Transcribe the data exactly. Pictures stay out.

►

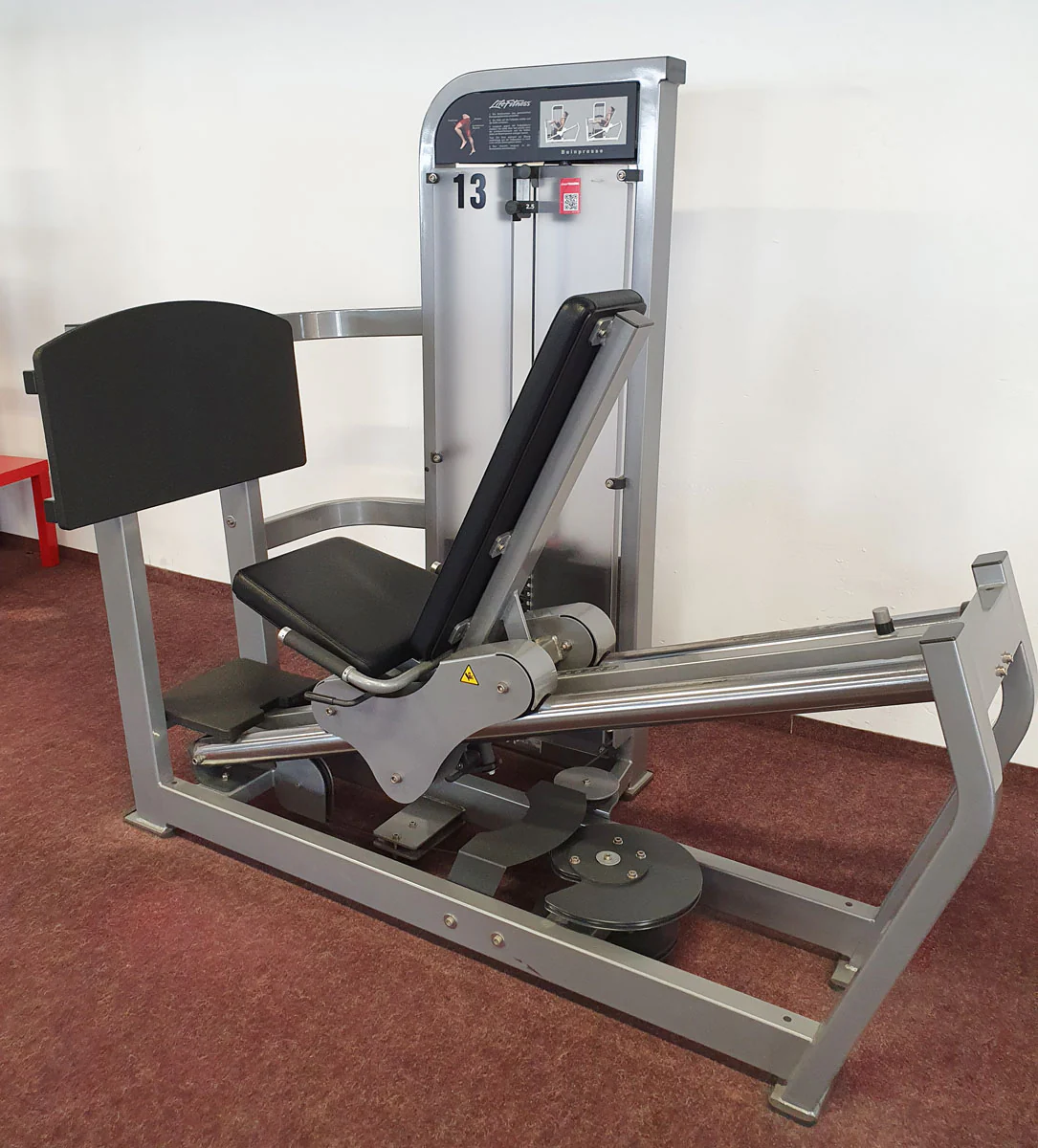 Life Fitness Pro2 und Hammer Strength - 15 Kraftgeräte im Set, Rahmen Silber, gebraucht - überholter Zustand - Image 2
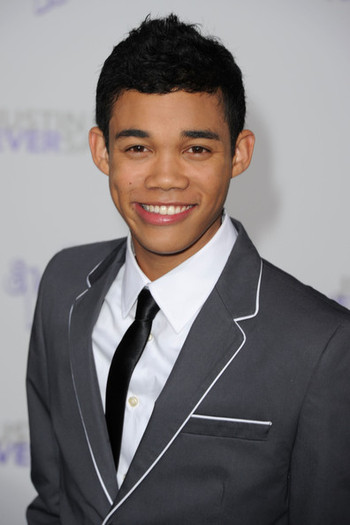 Roshon+Fegan+Premiere+Paramount+Pictures+Justin+-seF0k5PJoOl - Cateva PoZe Cu RoShOn FeGaN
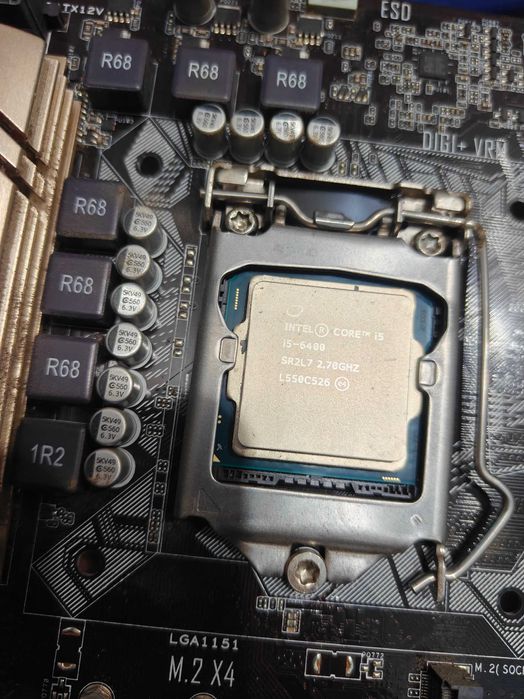 Płyta główna Asus H170M-PLUS z procesorem Intel core i5 6400 2.70GHZ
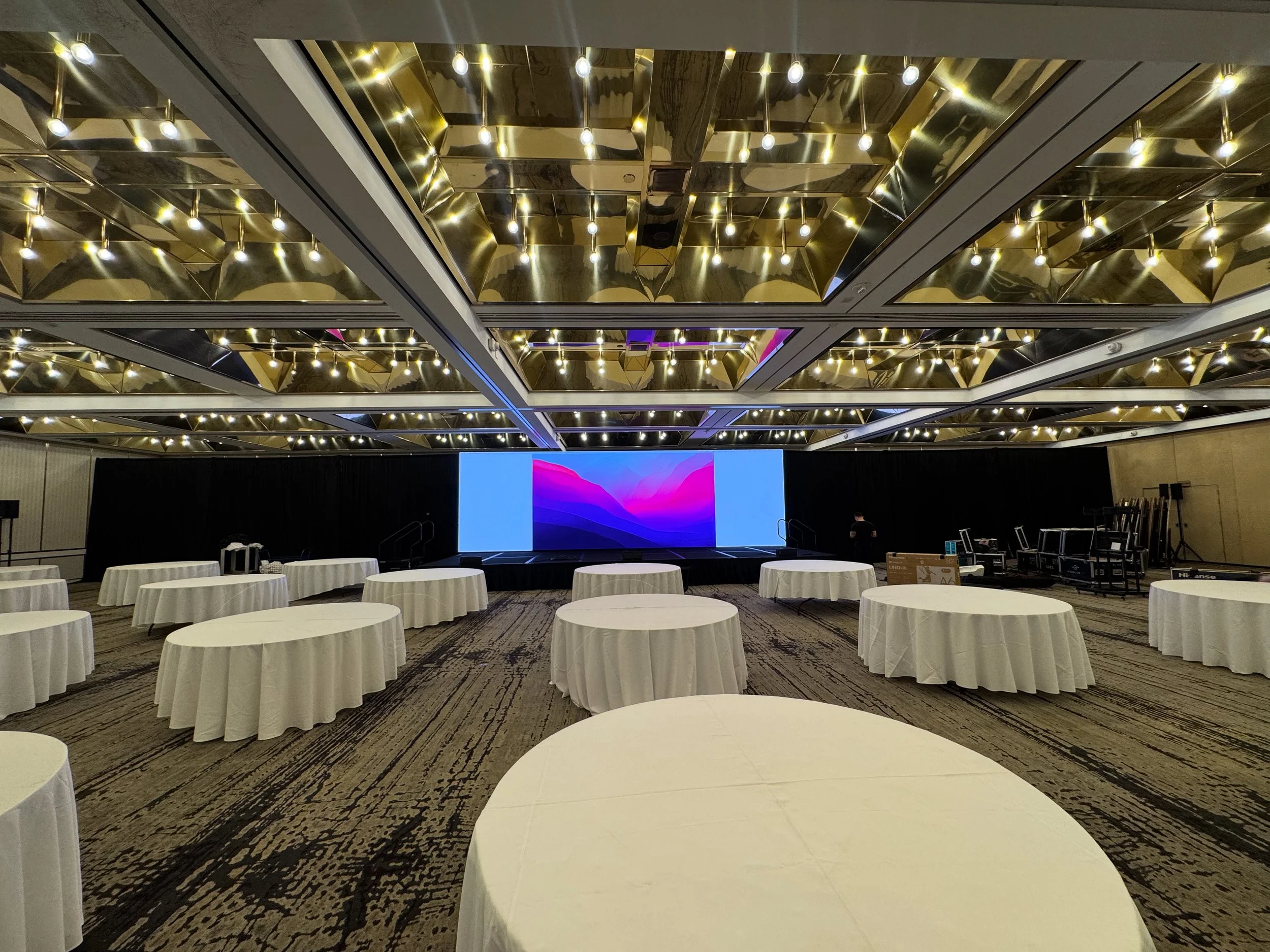 The Complete Guide to Hybrid Event Production in Miami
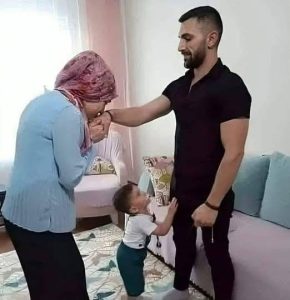 التأمين الصحي والتخطيط المالي العائلي: كيف أنقذت الرعاية الصحية المبكرة أسرة بعد عقدين من الزواج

◄

Finished task —
 Life Fitness Pro2 und Hammer Strength - 15 Kraftgeräte im Set, Rahmen Silber, gebraucht - überholter Zustand - Image 2
 Roshon+Fegan+Premiere+Paramount+Pictures+Justin+-seF0k5PJoOl - Cateva PoZe Cu RoShOn FeGaN
 Płyta główna Asus H170M-PLUS z procesorem Intel core i5 6400 2.70GHZ
 The Complete Guide to Hybrid Event Production in Miami
 التأمين الصحي والتخطيط المالي العائلي: كيف أنقذت الرعاية الصحية المبكرة أسرة بعد عقدين من الزواج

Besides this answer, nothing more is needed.